PyLate is the best in town tool to train late interaction models. Then pylate-rs can be paired with its companion library FastPlaid at inference time for a high-performance multi-vector search pipeline.
A WebAssembly demo is available online with insights about pylate-rs.
💻 Installation
Install the version of pylate-rs that matches your hardware for optimal performance.
Python
| Target Hardware | Installation Command |
|---|---|
| Standard CPU | pip install pylate-rs |
| Apple CPU (macOS) | pip install pylate-rs-accelerate |
| Intel CPU (MKL) | pip install pylate-rs-mkl |
| Apple GPU (M1/M2/M3) | pip install pylate-rs-metal |
| NVIDIA GPU (CUDA) | pip install pylate-rs-cuda |
Rust
Add pylate-rs to your Cargo.toml by enabling the feature flag that corresponds to your backend.

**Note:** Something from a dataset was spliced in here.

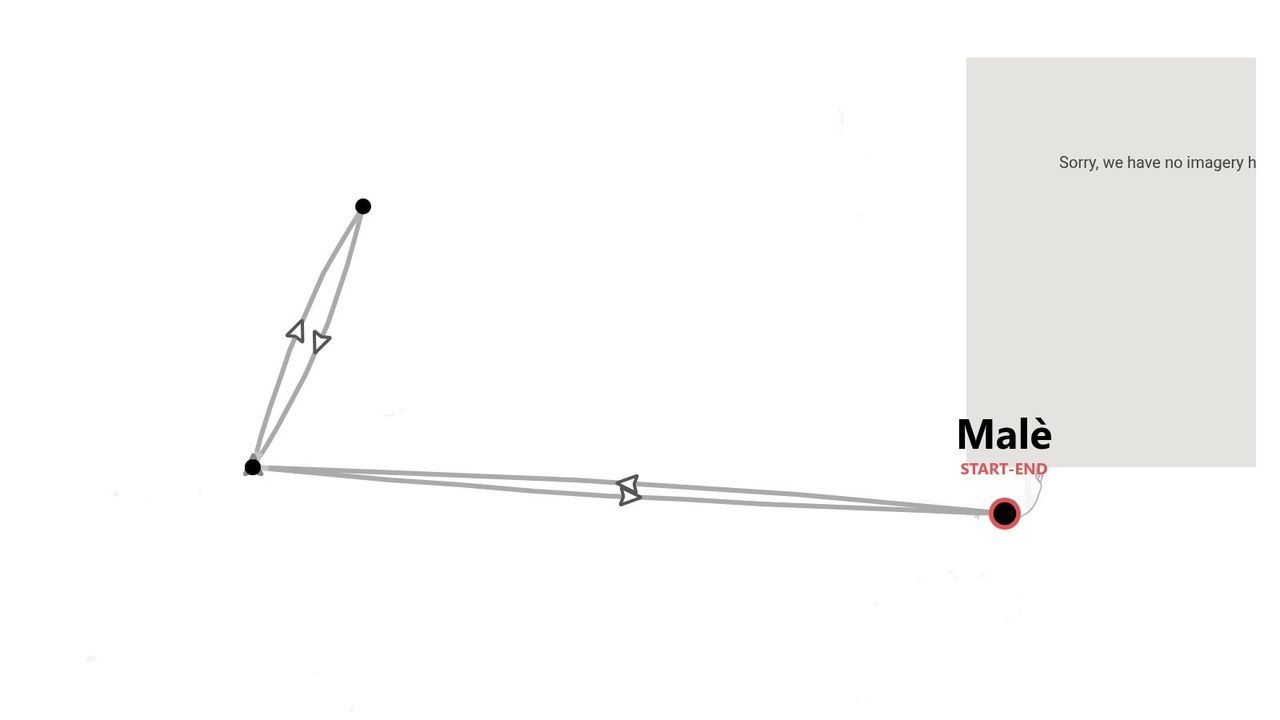 Mappa di un percorso circolare con partenza e arrivo a Malè su sfondo bianco.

| Feature | Target Hardware | Installation Command |
|---|---|---|
| (default) | Standard CPU | cargo add pylate-rs |
accelerate |
Apple CPU (macOS) | cargo add pylate-rs --features accelerate |
mkl |
Intel CPU (MKL) | cargo add pylate-rs --features mkl |
metal |
Apple GPU (M1/M2/M3) | cargo add pylate-rs --features metal |
cuda |
NVIDIA GPU (CUDA) | cargo add pylate-rs --features cuda |
⚡️ Quick Start
Python
Get started in just a few lines of Python.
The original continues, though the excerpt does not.